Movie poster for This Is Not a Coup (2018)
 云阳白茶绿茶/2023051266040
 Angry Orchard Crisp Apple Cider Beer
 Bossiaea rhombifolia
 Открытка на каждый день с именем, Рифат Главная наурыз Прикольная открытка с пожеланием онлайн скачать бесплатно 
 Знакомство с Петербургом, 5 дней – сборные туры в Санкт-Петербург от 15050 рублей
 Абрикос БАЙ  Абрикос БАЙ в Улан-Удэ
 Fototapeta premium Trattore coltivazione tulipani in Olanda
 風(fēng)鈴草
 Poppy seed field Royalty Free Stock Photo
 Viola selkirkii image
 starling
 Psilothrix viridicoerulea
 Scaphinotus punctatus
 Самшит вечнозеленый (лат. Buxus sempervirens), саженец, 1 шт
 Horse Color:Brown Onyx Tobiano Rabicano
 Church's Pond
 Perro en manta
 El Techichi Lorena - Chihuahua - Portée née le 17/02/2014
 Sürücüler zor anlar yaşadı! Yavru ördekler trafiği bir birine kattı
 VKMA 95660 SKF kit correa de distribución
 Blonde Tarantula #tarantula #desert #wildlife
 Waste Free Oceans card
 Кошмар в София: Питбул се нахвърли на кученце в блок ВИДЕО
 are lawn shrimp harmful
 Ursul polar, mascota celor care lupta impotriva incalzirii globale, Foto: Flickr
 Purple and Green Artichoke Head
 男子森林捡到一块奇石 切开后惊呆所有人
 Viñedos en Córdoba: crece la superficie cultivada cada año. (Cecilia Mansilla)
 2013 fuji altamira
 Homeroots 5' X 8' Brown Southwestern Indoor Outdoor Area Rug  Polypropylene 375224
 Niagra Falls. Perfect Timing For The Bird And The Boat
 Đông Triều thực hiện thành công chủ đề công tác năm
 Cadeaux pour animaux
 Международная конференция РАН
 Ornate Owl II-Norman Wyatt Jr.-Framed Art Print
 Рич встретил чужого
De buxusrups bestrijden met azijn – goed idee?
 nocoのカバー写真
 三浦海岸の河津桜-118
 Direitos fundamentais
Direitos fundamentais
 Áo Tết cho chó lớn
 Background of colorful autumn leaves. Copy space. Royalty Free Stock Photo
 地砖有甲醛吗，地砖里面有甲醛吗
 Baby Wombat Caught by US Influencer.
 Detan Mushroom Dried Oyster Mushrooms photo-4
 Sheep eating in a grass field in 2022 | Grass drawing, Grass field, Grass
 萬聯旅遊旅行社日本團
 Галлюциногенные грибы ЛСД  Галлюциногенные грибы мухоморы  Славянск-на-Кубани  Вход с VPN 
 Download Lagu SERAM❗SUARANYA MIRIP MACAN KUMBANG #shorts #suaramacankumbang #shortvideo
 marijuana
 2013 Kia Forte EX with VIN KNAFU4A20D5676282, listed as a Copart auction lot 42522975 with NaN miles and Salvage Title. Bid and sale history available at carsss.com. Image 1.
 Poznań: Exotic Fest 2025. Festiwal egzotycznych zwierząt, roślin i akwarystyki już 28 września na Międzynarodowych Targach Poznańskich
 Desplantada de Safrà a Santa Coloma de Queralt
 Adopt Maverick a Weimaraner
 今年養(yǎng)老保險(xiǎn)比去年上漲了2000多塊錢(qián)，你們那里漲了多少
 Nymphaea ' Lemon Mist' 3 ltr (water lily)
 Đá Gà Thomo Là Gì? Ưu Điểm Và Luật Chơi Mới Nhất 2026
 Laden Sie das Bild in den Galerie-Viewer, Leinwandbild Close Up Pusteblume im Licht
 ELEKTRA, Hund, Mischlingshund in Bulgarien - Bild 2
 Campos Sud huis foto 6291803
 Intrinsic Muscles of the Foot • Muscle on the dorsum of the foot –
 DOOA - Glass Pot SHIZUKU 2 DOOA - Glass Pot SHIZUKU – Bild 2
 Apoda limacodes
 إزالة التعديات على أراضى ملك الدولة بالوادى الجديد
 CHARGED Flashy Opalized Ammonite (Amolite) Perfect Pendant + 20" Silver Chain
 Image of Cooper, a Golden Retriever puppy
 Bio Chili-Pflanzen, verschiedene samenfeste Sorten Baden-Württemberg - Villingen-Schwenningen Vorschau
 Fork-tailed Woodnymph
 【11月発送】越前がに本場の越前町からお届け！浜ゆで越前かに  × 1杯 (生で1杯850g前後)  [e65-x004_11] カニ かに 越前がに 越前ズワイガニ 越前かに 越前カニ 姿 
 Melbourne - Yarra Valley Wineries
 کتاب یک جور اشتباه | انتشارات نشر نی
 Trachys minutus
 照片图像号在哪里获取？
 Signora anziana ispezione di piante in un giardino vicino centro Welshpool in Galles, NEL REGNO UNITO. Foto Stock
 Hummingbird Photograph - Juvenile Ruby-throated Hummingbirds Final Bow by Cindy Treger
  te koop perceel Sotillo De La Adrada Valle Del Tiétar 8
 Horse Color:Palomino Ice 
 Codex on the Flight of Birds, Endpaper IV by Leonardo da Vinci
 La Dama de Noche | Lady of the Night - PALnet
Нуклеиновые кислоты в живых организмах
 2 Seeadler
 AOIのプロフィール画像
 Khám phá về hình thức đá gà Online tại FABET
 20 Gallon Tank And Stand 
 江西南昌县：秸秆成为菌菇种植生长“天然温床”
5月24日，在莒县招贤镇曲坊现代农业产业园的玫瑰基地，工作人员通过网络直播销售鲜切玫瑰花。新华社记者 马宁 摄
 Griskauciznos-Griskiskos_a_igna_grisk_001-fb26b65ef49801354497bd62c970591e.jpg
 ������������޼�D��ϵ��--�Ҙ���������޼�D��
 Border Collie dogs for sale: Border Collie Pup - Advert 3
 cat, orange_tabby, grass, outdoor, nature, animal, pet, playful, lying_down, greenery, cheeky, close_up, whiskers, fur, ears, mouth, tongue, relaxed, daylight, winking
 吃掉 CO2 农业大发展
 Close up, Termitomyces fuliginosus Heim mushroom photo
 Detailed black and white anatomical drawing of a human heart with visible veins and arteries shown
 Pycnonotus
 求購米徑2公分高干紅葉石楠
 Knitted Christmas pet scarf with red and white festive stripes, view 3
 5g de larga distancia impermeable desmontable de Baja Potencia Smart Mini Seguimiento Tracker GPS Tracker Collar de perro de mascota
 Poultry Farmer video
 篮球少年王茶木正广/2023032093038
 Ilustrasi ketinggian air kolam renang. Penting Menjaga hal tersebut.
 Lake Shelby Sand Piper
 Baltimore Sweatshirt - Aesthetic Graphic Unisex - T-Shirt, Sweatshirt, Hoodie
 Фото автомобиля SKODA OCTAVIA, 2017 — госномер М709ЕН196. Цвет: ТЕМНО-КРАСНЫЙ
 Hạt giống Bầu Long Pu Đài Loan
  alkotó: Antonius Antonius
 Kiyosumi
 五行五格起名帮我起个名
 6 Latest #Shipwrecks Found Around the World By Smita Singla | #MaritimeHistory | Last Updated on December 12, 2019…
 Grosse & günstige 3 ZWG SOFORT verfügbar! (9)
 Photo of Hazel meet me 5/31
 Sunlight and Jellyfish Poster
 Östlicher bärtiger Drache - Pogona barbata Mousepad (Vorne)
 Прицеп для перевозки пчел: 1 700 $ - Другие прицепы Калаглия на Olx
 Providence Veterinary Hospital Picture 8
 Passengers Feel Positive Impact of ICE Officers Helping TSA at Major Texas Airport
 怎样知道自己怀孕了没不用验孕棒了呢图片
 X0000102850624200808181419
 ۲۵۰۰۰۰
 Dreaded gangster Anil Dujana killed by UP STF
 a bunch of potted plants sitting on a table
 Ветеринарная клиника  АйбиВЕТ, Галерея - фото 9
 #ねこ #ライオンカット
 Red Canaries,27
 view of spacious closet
----------------------------------------
**PROBLEM REQUIREMENTS**
Find the word "with" in the entries above. Copy every line that has it.

**PROBLEM SOLUTION**
 2013 Kia Forte EX with VIN KNAFU4A20D5676282, listed as a Copart auction lot 42522975 with NaN miles and Salvage Title. Bid and sale history available at carsss.com. Image 1.
 Detailed black and white anatomical drawing of a human heart with visible veins and arteries shown
 Knitted Christmas pet scarf with red and white festive stripes, view 3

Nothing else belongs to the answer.